* [YOUR ASSIGNMENT]
Please take the records that follow and repeat exactly the lines starting with the line with "1783 COIN, SEE ARTICLE IN PHOTO" and going on through the line with "icon-Parrot Protocol".

[Extracted data entries]
= Beginning of Section =
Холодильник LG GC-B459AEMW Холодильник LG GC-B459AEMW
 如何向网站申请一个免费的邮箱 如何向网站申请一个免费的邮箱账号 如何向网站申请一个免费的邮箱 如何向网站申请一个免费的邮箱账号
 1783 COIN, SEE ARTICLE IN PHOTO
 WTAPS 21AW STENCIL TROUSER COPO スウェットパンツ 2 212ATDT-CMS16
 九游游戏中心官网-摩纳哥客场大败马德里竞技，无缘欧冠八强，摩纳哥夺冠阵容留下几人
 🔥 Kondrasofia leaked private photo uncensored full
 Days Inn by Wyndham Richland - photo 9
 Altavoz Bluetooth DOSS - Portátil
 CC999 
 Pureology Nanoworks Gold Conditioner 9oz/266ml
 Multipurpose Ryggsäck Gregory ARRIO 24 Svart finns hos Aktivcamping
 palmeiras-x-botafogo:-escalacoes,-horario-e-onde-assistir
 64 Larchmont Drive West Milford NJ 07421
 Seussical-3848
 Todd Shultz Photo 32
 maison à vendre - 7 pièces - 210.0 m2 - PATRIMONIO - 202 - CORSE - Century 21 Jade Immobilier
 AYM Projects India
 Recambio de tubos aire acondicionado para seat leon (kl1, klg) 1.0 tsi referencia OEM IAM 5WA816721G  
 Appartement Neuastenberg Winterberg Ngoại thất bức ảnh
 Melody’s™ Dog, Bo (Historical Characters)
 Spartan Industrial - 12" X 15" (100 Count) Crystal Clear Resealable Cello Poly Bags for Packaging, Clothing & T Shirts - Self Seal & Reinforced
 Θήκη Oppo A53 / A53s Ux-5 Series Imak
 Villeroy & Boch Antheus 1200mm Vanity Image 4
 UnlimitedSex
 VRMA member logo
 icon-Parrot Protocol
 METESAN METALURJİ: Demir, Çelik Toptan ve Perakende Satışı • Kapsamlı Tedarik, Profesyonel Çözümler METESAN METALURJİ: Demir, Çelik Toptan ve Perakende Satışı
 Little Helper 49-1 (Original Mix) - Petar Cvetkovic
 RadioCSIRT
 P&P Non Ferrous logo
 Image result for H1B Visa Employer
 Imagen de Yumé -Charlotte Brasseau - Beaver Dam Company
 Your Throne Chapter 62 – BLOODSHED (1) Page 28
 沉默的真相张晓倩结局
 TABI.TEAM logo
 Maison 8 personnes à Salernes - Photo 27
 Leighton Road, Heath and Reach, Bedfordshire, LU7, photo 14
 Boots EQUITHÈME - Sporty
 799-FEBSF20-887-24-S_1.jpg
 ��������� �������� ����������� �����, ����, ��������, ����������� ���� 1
= End of Section =
* [OUTPUT]
 1783 COIN, SEE ARTICLE IN PHOTO
 WTAPS 21AW STENCIL TROUSER COPO スウェットパンツ 2 212ATDT-CMS16
 九游游戏中心官网-摩纳哥客场大败马德里竞技，无缘欧冠八强，摩纳哥夺冠阵容留下几人
 🔥 Kondrasofia leaked private photo uncensored full
 Days Inn by Wyndham Richland - photo 9
 Altavoz Bluetooth DOSS - Portátil
 CC999 
 Pureology Nanoworks Gold Conditioner 9oz/266ml
 Multipurpose Ryggsäck Gregory ARRIO 24 Svart finns hos Aktivcamping
 palmeiras-x-botafogo:-escalacoes,-horario-e-onde-assistir
 64 Larchmont Drive West Milford NJ 07421
 Seussical-3848
 Todd Shultz Photo 32
 maison à vendre - 7 pièces - 210.0 m2 - PATRIMONIO - 202 - CORSE - Century 21 Jade Immobilier
 AYM Projects India
 Recambio de tubos aire acondicionado para seat leon (kl1, klg) 1.0 tsi referencia OEM IAM 5WA816721G  
 Appartement Neuastenberg Winterberg Ngoại thất bức ảnh
 Melody’s™ Dog, Bo (Historical Characters)
 Spartan Industrial - 12" X 15" (100 Count) Crystal Clear Resealable Cello Poly Bags for Packaging, Clothing & T Shirts - Self Seal & Reinforced
 Θήκη Oppo A53 / A53s Ux-5 Series Imak
 Villeroy & Boch Antheus 1200mm Vanity Image 4
 UnlimitedSex
 VRMA member logo
 icon-Parrot Protocol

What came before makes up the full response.